Input data ->
===============
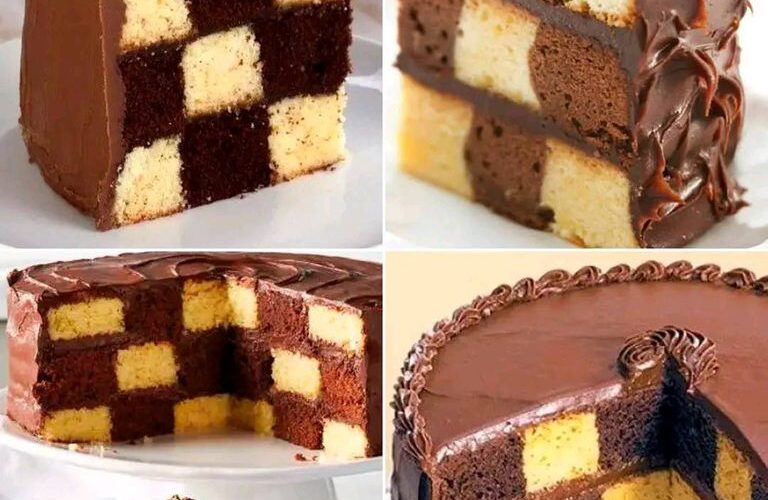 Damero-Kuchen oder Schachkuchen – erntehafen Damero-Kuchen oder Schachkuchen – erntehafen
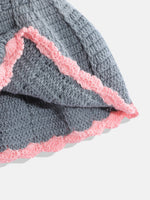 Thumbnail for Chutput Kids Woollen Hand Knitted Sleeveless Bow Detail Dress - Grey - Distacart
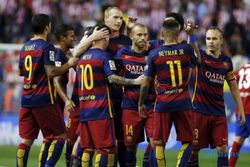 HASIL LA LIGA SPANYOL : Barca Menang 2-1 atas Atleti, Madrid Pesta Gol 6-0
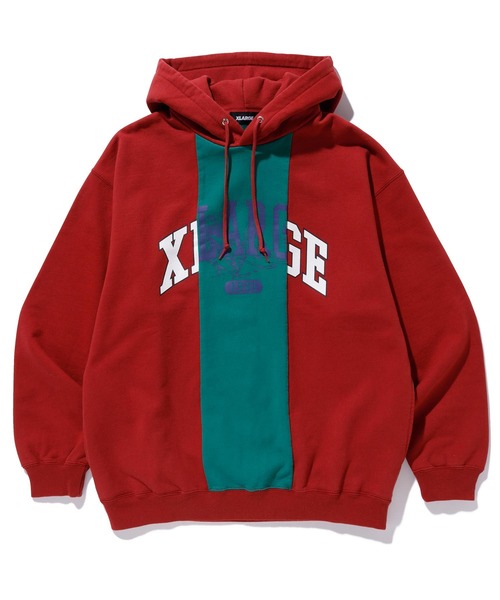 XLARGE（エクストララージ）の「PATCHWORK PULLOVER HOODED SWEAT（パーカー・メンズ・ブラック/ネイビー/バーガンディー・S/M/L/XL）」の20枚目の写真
===============
Problem requirements ->
Take the whole listing above and copy it exactly. Pictures do not go into the copy.

Solution to this task ->
 Damero-Kuchen oder Schachkuchen – erntehafen Damero-Kuchen oder Schachkuchen – erntehafen
 Thumbnail for Chutput Kids Woollen Hand Knitted Sleeveless Bow Detail Dress - Grey - Distacart
 HASIL LA LIGA SPANYOL : Barca Menang 2-1 atas Atleti, Madrid Pesta Gol 6-0
 XLARGE（エクストララージ）の「PATCHWORK PULLOVER HOODED SWEAT（パーカー・メンズ・ブラック/ネイビー/バーガンディー・S/M/L/XL）」の20枚目の写真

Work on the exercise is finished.